Las fiestas culminaron el domingo 15 de julio con un “Grandioso Alarde Musical” en el que participaron 12 bandas de Tolosa, Zumárraga, Dena, Galdácano, San Sebastián (Unión Bella Iruchulo y La Armonía), Estella, Tafalla, Tudela y Pamplona (La Pamplonesa y las de los regimientos de Infantería Constitución y América).

Por la mañana recorrieron las calles, saliendo desde el Bosquecillo, y por la tarde, junto con el Orfeón Pamplonés, dieron un concierto en la Plaza de Toros.

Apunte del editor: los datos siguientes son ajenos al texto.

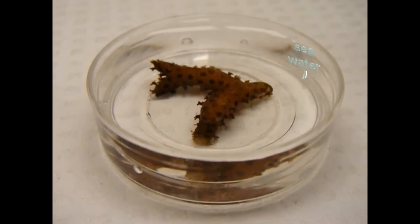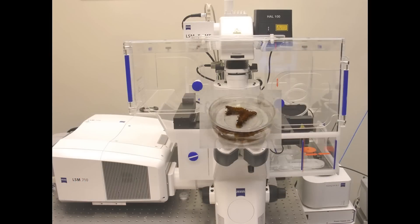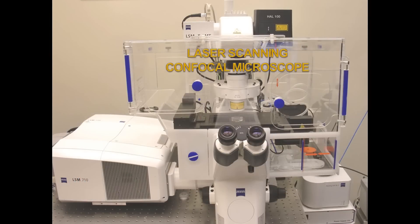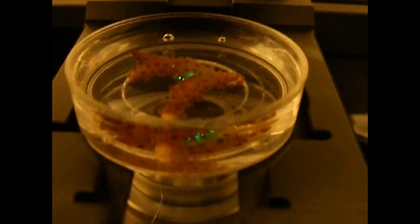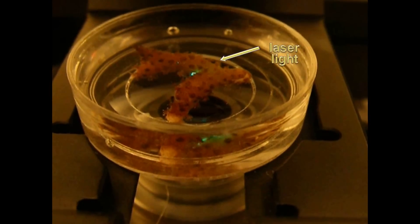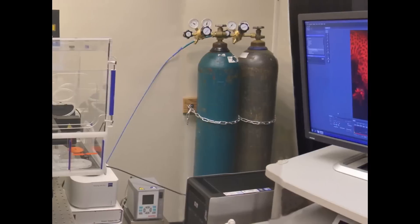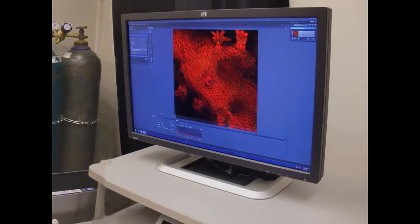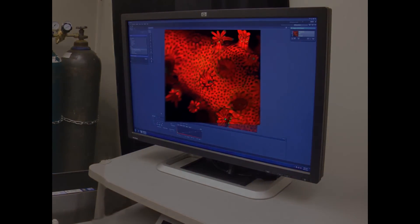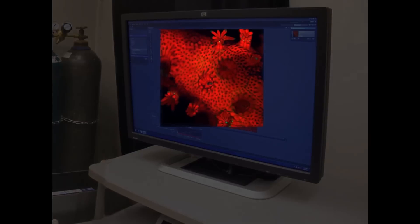In order to better understand the coral symbiome, we use confocal microscopy, which allows us to observe the living coral in a non-invasive manner. Much can be learned from these observations, including the signature and distribution of innate fluorophores, the distribution and fluorescent emission of endosymbiotic algae, and the presence and characterization of coral larvae and associated epifauna.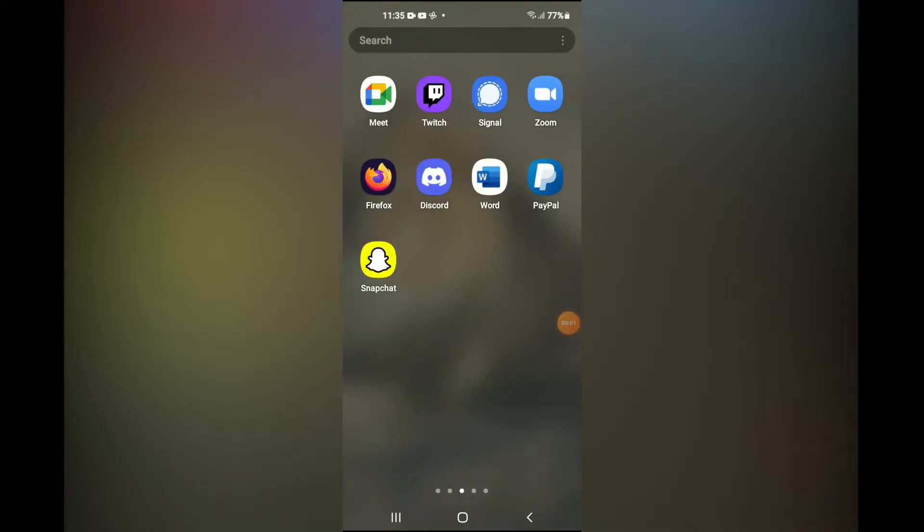Hello, welcome to Simple Answers. I'm your host Jason. In this video, I'll be showing you how to connect Twitch to Discord.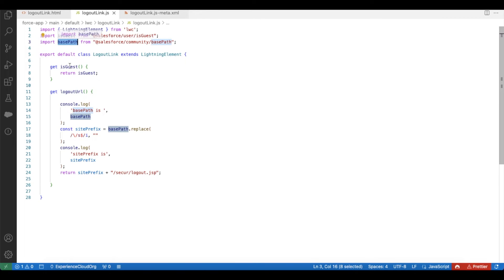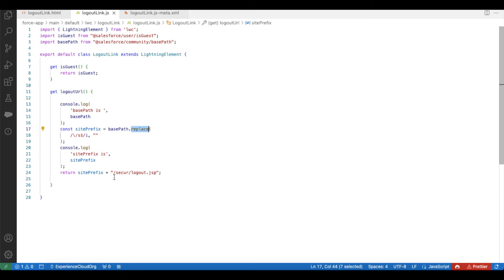I get the entire information from this base path. Using a replace method with a regular expression, I am removing all the content from the base path after slash 's', including the slash 's' itself — I don't want any of that path information. After that, I am adding '/secur/logout.jsp'. So if I click this link, it will log the Experience Cloud site user out from their session.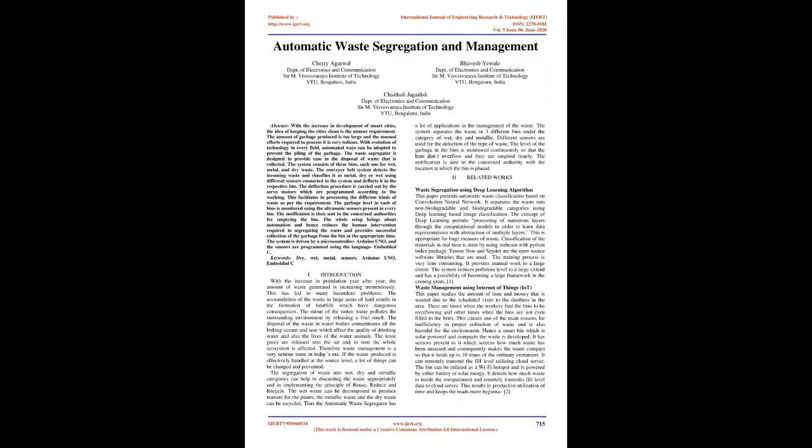Automatic Waste Segregation and Management. Abstract: With the increase in development of smart cities, the idea of keeping the cities clean is the utmost requirement. The amount of garbage produced is too large and the manual efforts required to process it is very tedious. With evolution of technology in every field, automated ways can be adopted to prevent the piling of the garbage.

Ese mismo día se celebró la Fiesta del Clavel; 22 señoritas designadas por la Comisión de Fomento anduvieron por la ciudad vendiendo claveles a cambio de la voluntad; la cantidad recaudada (7.917,47 pesetas) se entregó a la Casa de Misericordia.

En 1923, Hemingway dijo que él y su mujer eran los únicos extranjeros en Pamplona; en El verano peligroso (1960) se corrigió y diría que había apenas 20 turistas. Estaba errado, dado que en aquella época los Sanfermines ya eran muy conocidos. La prensa daba cuenta de que llegaban trenes y autobuses repletos de visitantes, los periódicos de otras provincias se hacían eco de la celebración de las fiestas, los navarros residentes en Madrid, Barcelona, Bilbao o San Sebastián celebraban actos festivos. No serían las cantidades inmensas de guiris que llegarían más tarde, ya instaurado el turismo de masas, en parte por la promoción que hizo Hemingway de los Sanfermines, pero en 1923 en absoluto eran unas fiestas desconocidas.